Lines from the one containing "Hotel Banz Near" through the end of the entries below: set them down exactly, both ends included, with nothing added.
[Given records]
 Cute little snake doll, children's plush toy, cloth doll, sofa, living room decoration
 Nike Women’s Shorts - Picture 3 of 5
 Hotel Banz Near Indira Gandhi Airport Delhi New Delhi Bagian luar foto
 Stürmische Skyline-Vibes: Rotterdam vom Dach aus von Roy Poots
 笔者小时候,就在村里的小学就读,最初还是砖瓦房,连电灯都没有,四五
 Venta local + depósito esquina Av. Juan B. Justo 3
[/Given records]
== Solution to this task ==
 Hotel Banz Near Indira Gandhi Airport Delhi New Delhi Bagian luar foto
 Stürmische Skyline-Vibes: Rotterdam vom Dach aus von Roy Poots
 笔者小时候,就在村里的小学就读,最初还是砖瓦房,连电灯都没有,四五
 Venta local + depósito esquina Av. Juan B. Justo 3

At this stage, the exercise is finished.